Deep in the heart of Kenya’s western region lies the Wanga Shrines, a cultural hub with a rich history dating back to the 11th century.
The shrines are home to the tombs of legendary King Osundwa and Nabongo Mumia, the founders of the Nabongo Wanga Kingdom, the only kingdom in Kenya’s history that still exists today.
The shrines are a testament to the indigenous people and practices of the region, featuring museums, a cultural homestead, a botanical garden, and traditional hospitality and beverage facilities all managed by the Council of Elders, the custodians of indigenous knowledge and customary systems.
Located near Busia town and the gateway to Kampala and the Buganda Kingdom, the Wanga Shrines also have the added attraction of being near natural and man-made landmarks such as the Owen Falls at Jinja, the River Nile, Mt. Elgon National Park, Crying Stone, and Kakamega Forest Reserve.

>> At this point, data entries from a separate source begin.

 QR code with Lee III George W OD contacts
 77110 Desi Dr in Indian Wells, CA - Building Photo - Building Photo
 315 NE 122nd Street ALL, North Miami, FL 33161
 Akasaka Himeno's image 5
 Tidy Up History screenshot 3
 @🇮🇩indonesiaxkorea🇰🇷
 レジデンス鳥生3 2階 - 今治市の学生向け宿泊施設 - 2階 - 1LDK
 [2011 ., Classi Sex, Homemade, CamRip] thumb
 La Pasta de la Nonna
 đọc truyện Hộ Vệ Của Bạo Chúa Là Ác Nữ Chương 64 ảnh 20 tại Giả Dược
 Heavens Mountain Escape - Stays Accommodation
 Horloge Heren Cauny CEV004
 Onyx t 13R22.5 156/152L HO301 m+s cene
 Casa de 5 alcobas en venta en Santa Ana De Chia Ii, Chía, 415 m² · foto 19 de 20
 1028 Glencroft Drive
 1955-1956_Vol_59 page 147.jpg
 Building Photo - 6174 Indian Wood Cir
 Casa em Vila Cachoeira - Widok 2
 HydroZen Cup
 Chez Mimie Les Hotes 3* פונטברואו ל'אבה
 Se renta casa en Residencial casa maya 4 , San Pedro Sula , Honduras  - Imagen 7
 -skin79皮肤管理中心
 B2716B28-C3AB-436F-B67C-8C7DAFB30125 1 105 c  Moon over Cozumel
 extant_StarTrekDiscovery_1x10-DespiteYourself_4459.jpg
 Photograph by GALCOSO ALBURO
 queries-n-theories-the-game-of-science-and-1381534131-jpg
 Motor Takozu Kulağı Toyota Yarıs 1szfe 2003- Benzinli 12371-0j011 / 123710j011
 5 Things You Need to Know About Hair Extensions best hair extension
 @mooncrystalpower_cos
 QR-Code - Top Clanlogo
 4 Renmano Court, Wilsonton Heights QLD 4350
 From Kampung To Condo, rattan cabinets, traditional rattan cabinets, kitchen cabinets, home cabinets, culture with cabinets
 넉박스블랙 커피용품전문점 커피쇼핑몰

These features make the Wanga Shrines a popular tourist spot as part of the Western Kenya/Uganda Tourism Circuit.
The Wanga Shrines and the surrounding Luhya community are known for their love of food and the importance they place on the act of cooking. In fact, the verb “to cook” in the Luhya language, “okhutekha,” is similar to the word “okhuteshia,” meaning marriage.
For the Luhya people, cooking is not just about sustenance, but about anchoring the future of the society through carefully selected cuisine and recipes, some of which are believed to have medicinal value.
Food is also a way to connect with the spirit world and the past, as the Luhya people traditionally believed in feeding both the living and the dead. Over 20 types of vegetables are eaten and cultivated by the Luhya people, with the rest being sourced from the local environment.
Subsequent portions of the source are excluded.